If fuel is leaking around the fuel line where it goes through the tank your fuel is not large enough. The line should fit tightly in the hole in the tank. Here is how I replace lines.

Get a new line and put the filter on one end.
Cut the other end of the line on an angle.
Through the fuel fill opening, push the angled end of the line into the hole in the tank.
Use plyers to grab the end of the line sticking through the hole and pull the line. Leave enough line so the filter sits properly in the tank.
Cut off the excess line, attach the line to the carb and you are all set.


----------



## bhamct (May 1, 2005)

Thanks, maybe I just need larger diameter fuel line.


----------



## bbnissan (Nov 7, 2004)

Umm...what about the little plastic retaining washer?

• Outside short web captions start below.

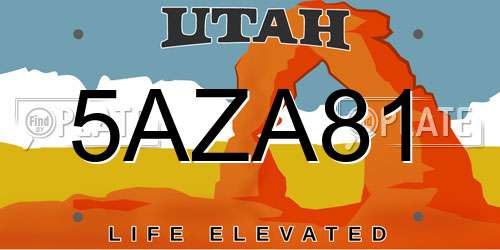 5AZA81 Utah License Plate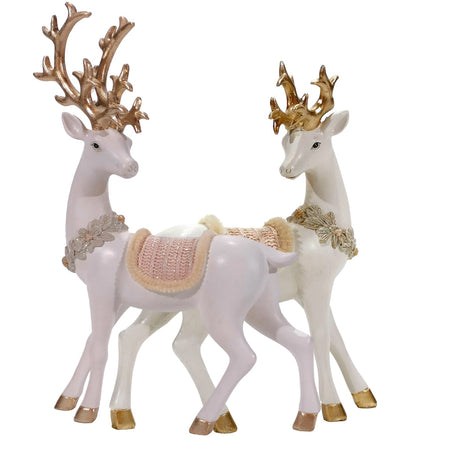 Statuetta decorativa "Renna Regale" decorazione bianco e oro per Natale Casa e cucina/Decorazioni per interni/Addobbi e decorazioni per ricorrenze/Decorazioni natalizie/Schiaccianoci MagiediNatale.it - Altamura, Commerciovirtuoso.it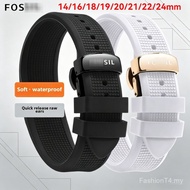 14/16/18/19/20/21/22/24mm Silicone Rubber Strap Waterproof for Foss FS52327/FS5132/FS5241 Butterfly 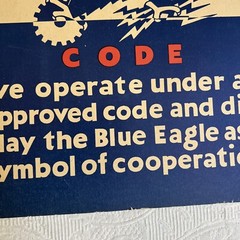RARE 1933 Blue Eagle CODE NRA National Recovery Administration Cardboard Sign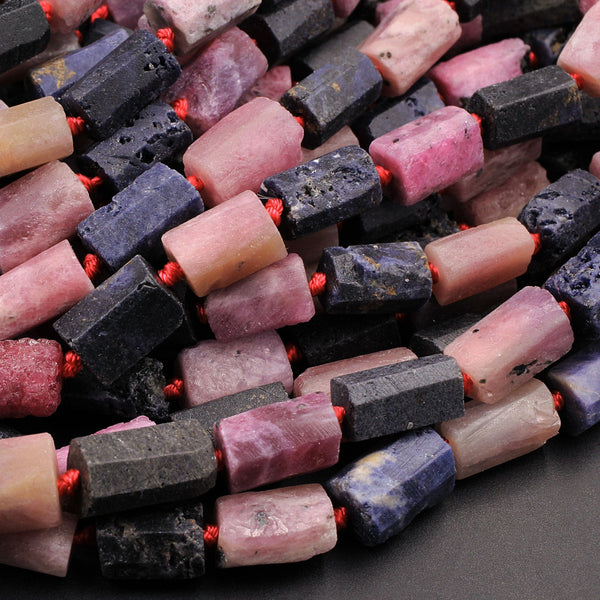 Raw Rough Natural Pink Ruby Blue Sapphire Faceted Rectangle Tube Matte Beads Genuine Red Ruby Blue Sapphire Gemstone 15.5" Strand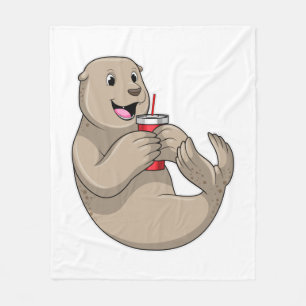 Seal with Mug with Straw Fleece Blanket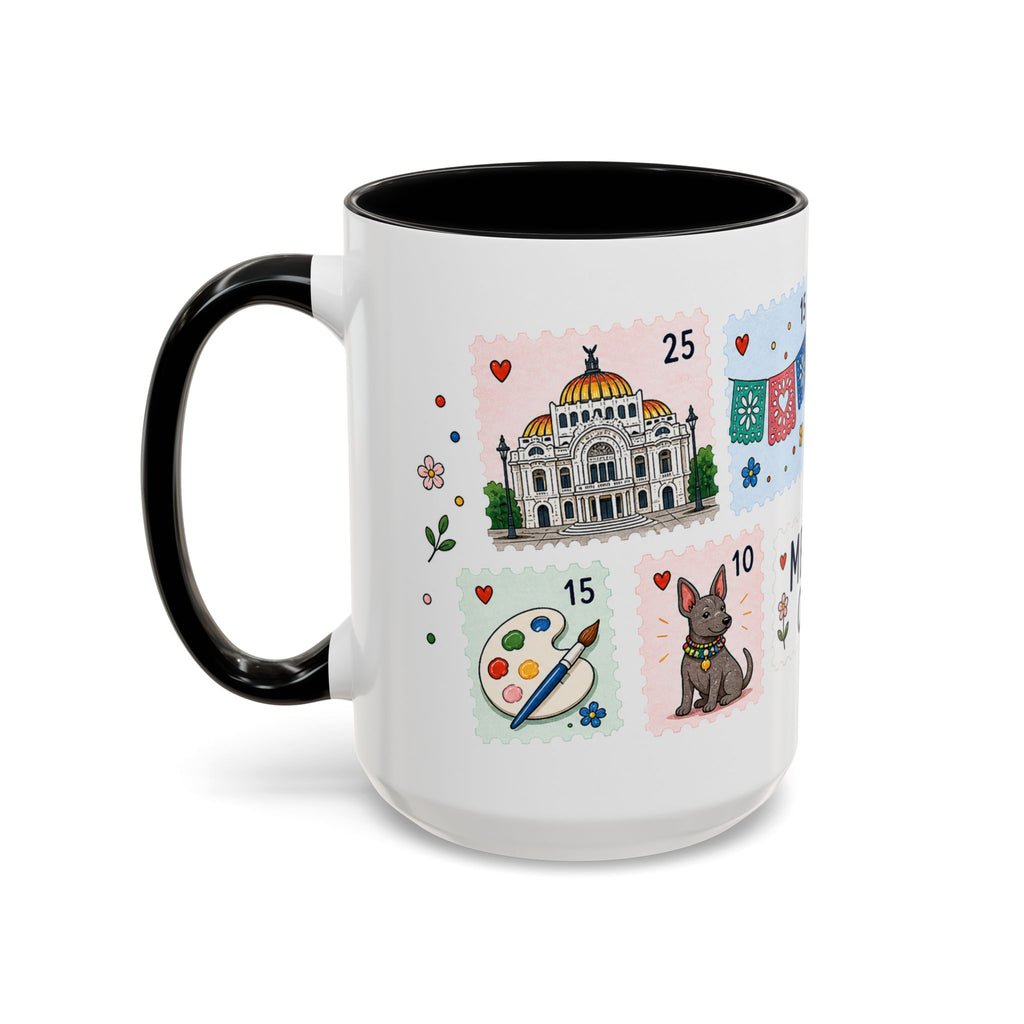 Mexico City Coffee Mug | Postage Stamp Collage Mug | Travel Souvenir Accent Cup 11oz 15oz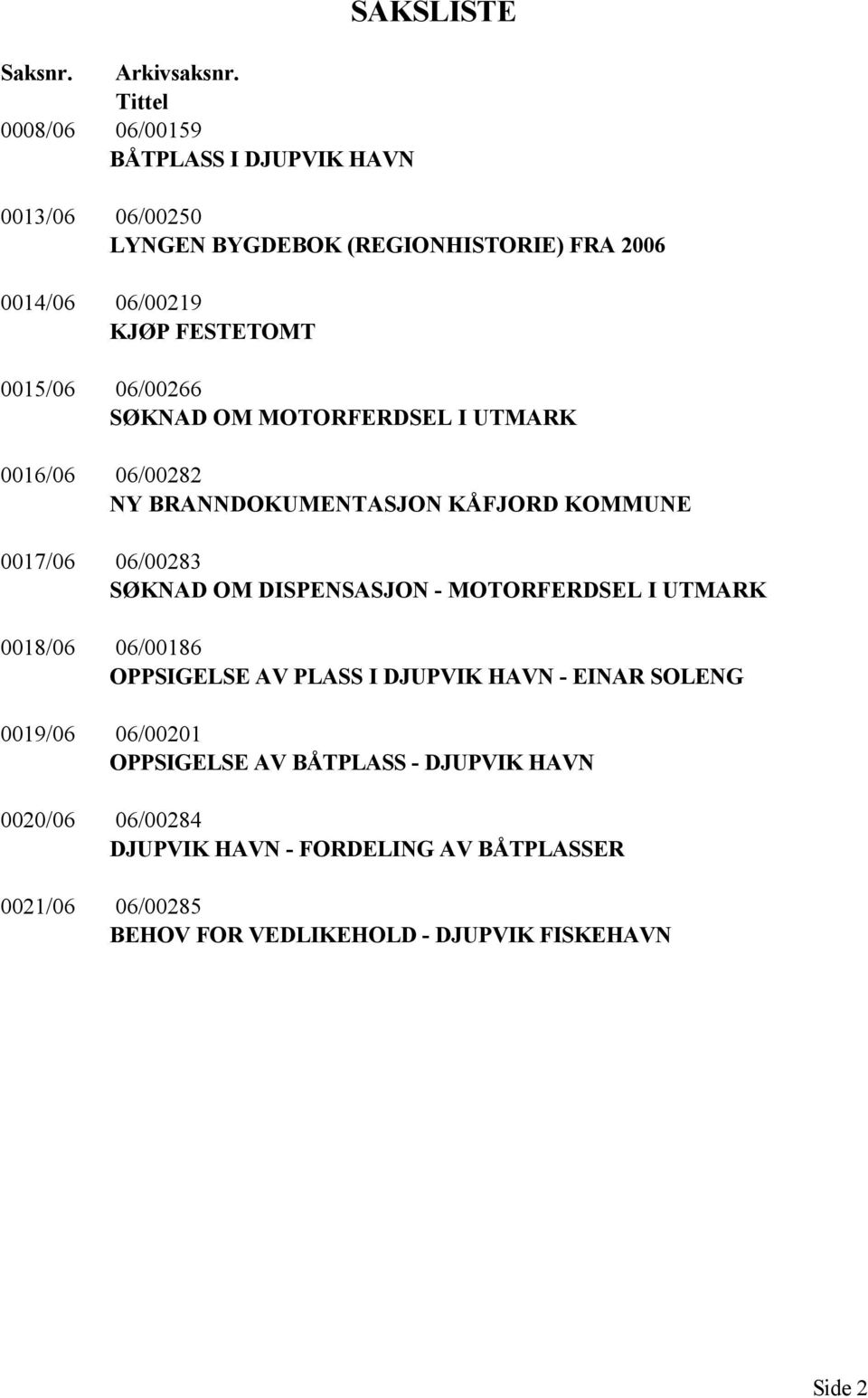 FESTETOMT 0015/06 06/00266 SØKNAD OM MOTORFERDSEL I UTMARK 0016/06 06/00282 NY BRANNDOKUMENTASJON KÅFJORD KOMMUNE 0017/06 06/00283 SØKNAD OM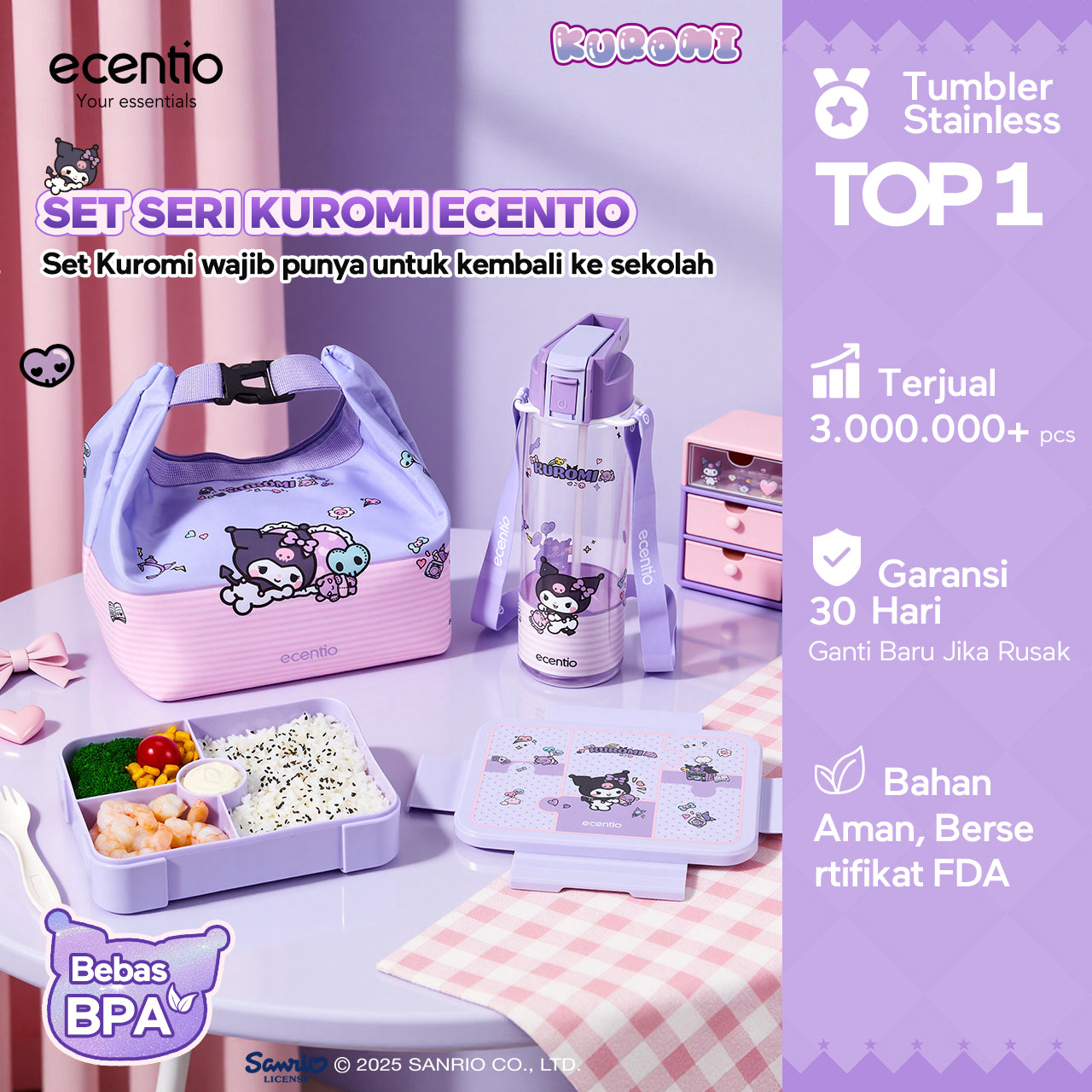 ecentio Official Kuromi Back to School Set Set Bekal Sekolah Kuromi Resmi — Lunch Box + Botol Minum + Tas Bekal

BTW, Ryobi makes a kit that has the proper length of fuel line and includes the fuel filter and retaining washer.


----------



## hankster (Jan 1, 1998)

Yeah... it could need that also but it sound like his problem is the fuel line... of course he may not be getting the end of the fuel filter pushed down through the hole in the tank.


----------



## bhamct (May 1, 2005)

*ryobi fuel line leak.*

Yes I think it is that, I'm just not getting the filter pushed the whole way through the tank. I try pushing on the filter from the inside with my finger but as the angle is funny I can hardly manage much force on it. I also pull on the other side but I usually can only get two of the nibs on the plastic extension of the filter to pull through the hole. I do remember to replace the plastic retaining ring. Anyway, maybe I can get more pulling force if I use pliers. thanks for the help.


----------